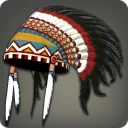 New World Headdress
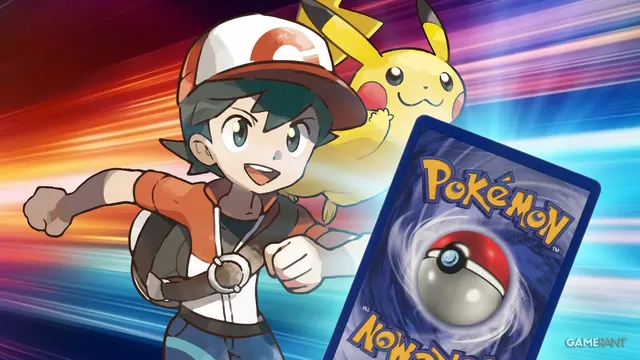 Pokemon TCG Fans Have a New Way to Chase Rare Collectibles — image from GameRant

--

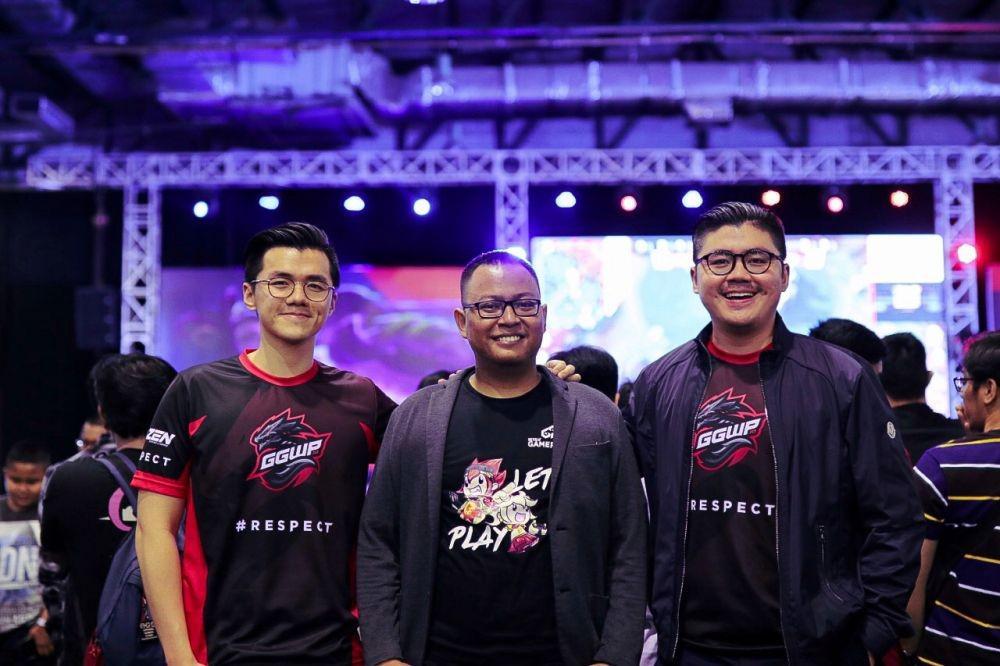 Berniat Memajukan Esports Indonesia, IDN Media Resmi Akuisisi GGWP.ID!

▶ **TASK INSTRUCTIONS**
Give back exactly the lines of the listing above from the one that contains "New World Headdress" up to and including the one that contains "Pokemon TCG Fans", but not the pictures, and no other lines.

▶ **EXERCISE RESPONSE**
 New World Headdress
 Pokemon TCG Fans Have a New Way to Chase Rare Collectibles — image from GameRant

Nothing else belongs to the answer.